Se bem conheço políticos profissionais, sei que escolhas eles fazem quanto têm que optar entre o valor intrínseco das idéias ou a conquista de votos e do poder. Nem sei se devemos reclamar disso pois, possivelmente, os políticos não seriam bons no que fazem se não agissem assim. Consequentemente, os keynesianos têm motivos para preocupações, pois o seu capital intelectual poderá sofrer uma grande desvalorização muito em breve.

O professor Belluzzo, que é um dos keynesianos mais importantes e respeitados, publicou um artigo no Valor no qual diz que "...Keynes jamais receitou déficits a torto e a direito." Sim, é verdade. Mas não tenho nenhuma lembrança importante de um keynesiano de boa cepa recomendando austeridade fiscal. Eu me pergunto, neste exato momento, qual seria a recomendação do professor Belluzzo aos governos europeus? Austeridade? Eu adoraria que ele dissesse isso.

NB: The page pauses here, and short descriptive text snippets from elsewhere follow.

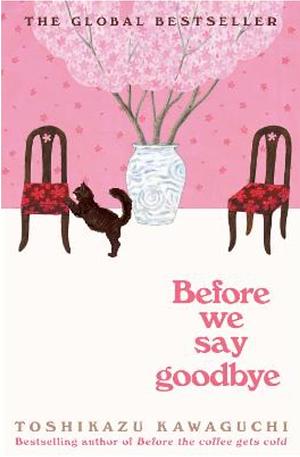 Before we say goodbye by Toshikazu Kawaguchi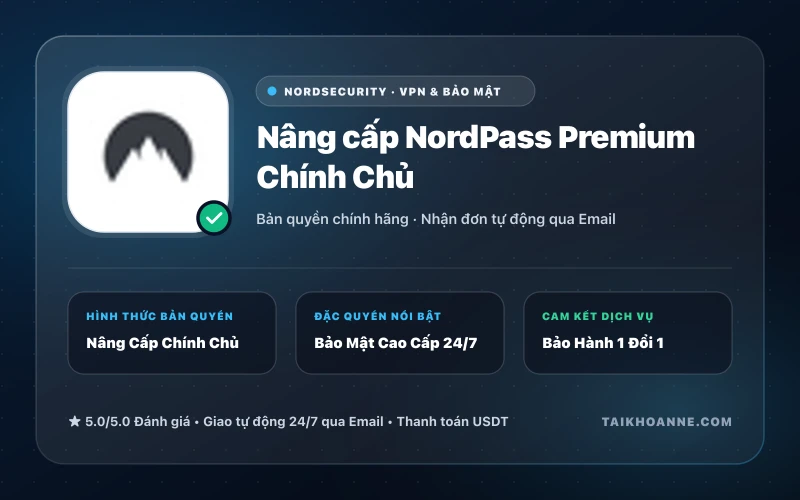 Nâng cấp NordPass Premium Chính Chủ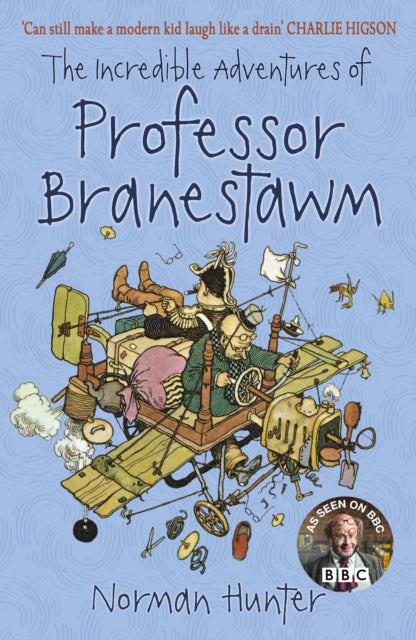 Book cover of: Incredible Adventures of Professor Branestawm. By: Norman Hunter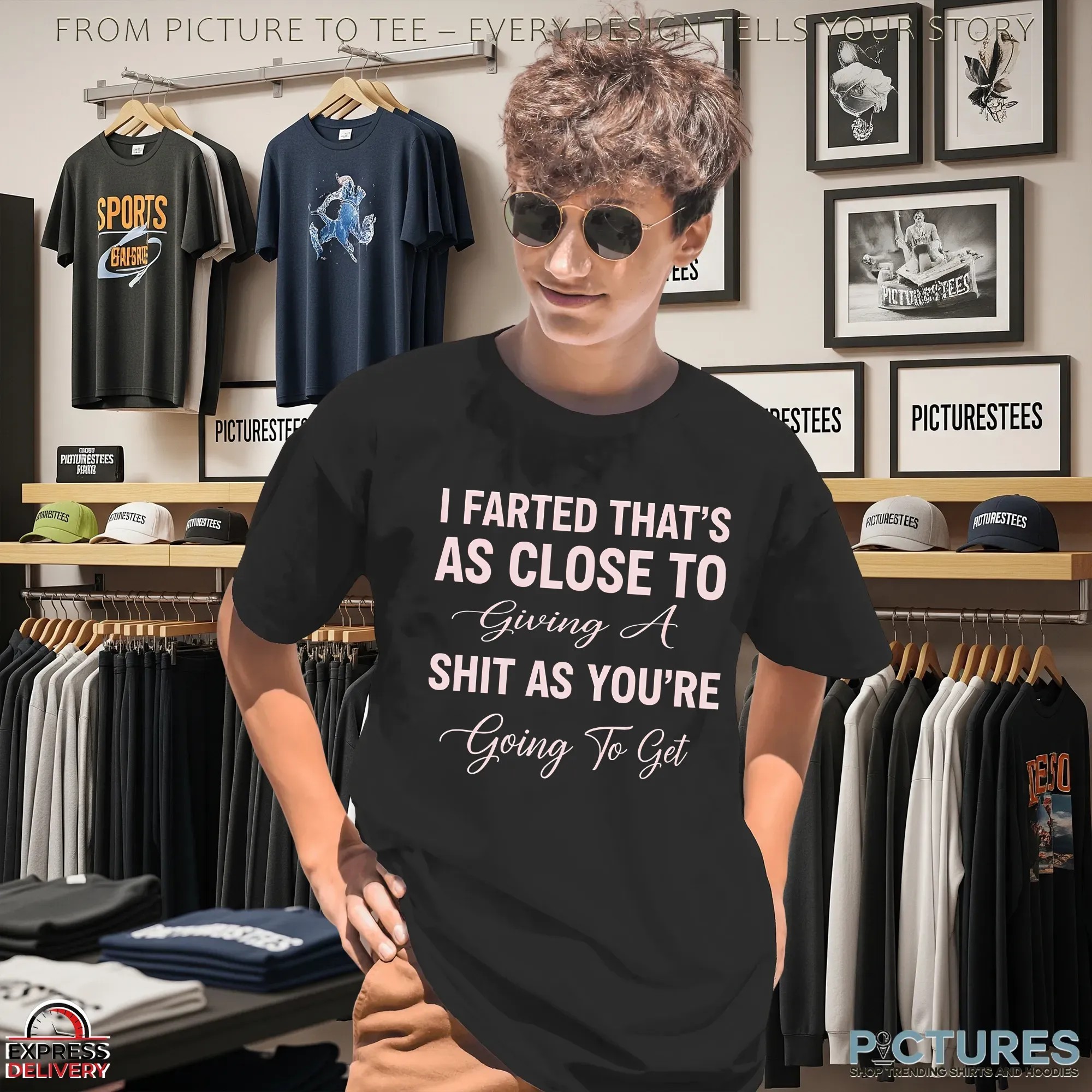 I Farted That's As Close To Giving A Shit As You're Going To Get T Shirt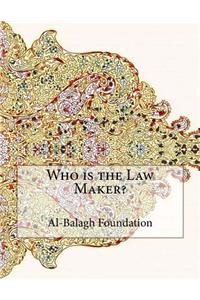 Who is the Law Maker?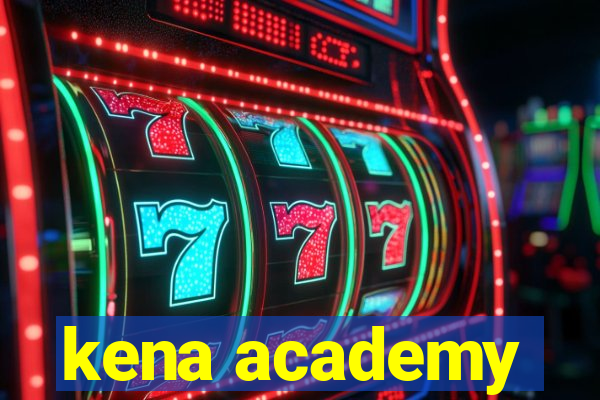 kena academy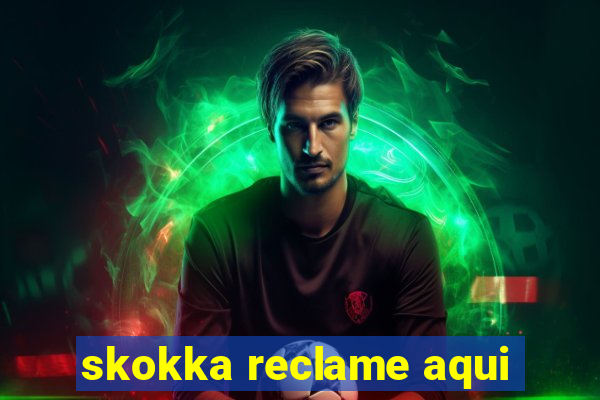 skokka reclame aqui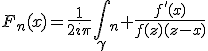 F_n(x)=\frac{1}{2i\pi}\int_\gamma_n \frac{f'(x)}{f(z)(z-x)}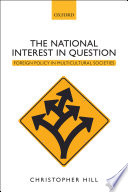 The national interest in question : foreign policy in multicultural societies / Christopher Hill.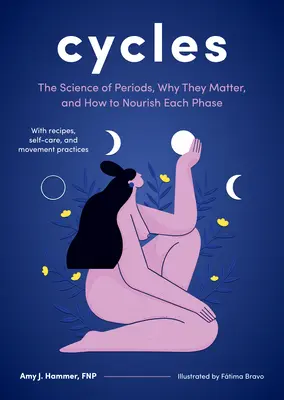 Ciklusok: Miért fontosak, és hogyan tápláljuk az egyes fázisokat? - Cycles: The Science of Periods, Why They Matter, and How to Nourish Each Phase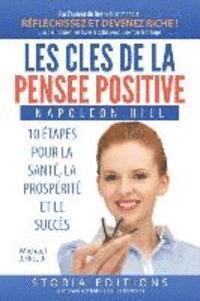 bokomslag Les clés de la pensée positive: 10 étapes pour la Santé, la Prospérité et le Succès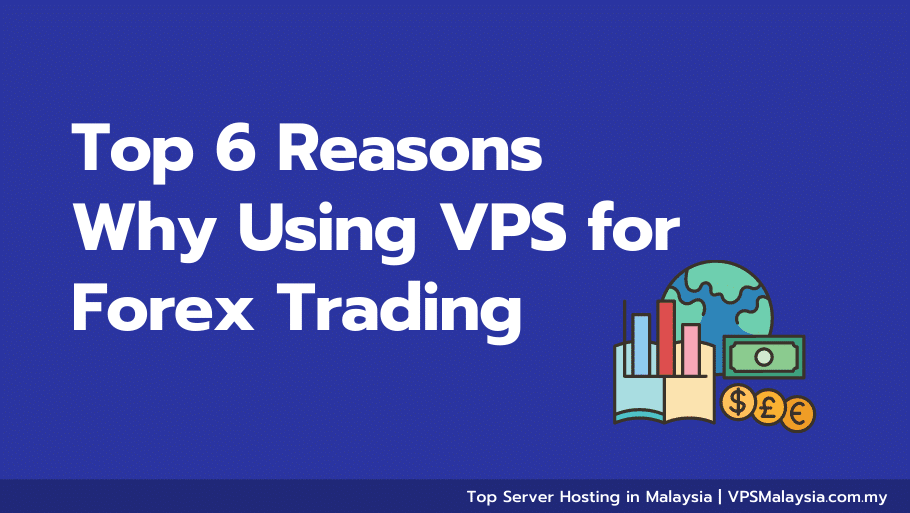 Top 6 reasons why using vps for forextrading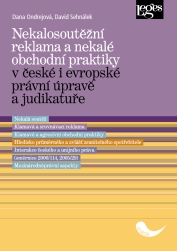Nekalosoutěžní reklama a nekalé obchodní praktiky v české i evropské právní úpravě a judikatuře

Keynesianos geralmente propõem a teoria de que a poupança é um resíduo macroeconômico, determinado, basicamente, pelo quanto se investe. Crescimento se faria não com poupança (que até mesmo o destrói), mas com crédito, fomento estatal, emissão monetária, déficit público, expansão de moeda e endividamento público e privado, interno e externo. Os historiadores do futuro terão que esclarecer seus contemporâneos sobre a relação entre estas idéias e o ponto a que chegamos.

Eu confesso que sempre tive muita dificuldade com tudo isso. Não que lembro em que momento faltou demanda agregada em 2007 ou 2008 para a crise começar. O que me lembro é que havia uma euforia desenfreada de crédito e consumo que acabou, meio subitamente, quando a bolha imobiliária estourou. Ah, sim, disseram-me que foi a falta de regulação... Boa regulação é importante, mas foi por falta de regulação que os Estados (assim, com letras maiúsculas, como gostam hegelianos e keynesianos) europeus se endividaram em demasia?

Chegamos a uma situação na qual nós, economistas, faríamos um grande bem à sociedade se aceitássemos reexaminar nossas teorias. Claro que isso implica reconhecer alguma desvalorização no capital intelectual acumulado ao longo de muitos anos de estudo. Mas, sempre que alguém investe na direção errada, perde capital. Tanto faz se a direção errada foi uma casa super-avaliada, um título público que não será pago ou uma teoria que vai perecer. Os economistas acumularam muitos e variados conhecimento úteis e geniais, mas alguma tralha pode ter vindo junto. Capitais assim perdidos não viram poupança social de tipo algum. Mas as casas ainda estão lá, os países e seus povos também e temos muito conhecimento econômico para lidar com os problemas. Seria prudente começar por alguma faxina nos balanços dos bancos, no dos governos e nas nossas idéias econômicas.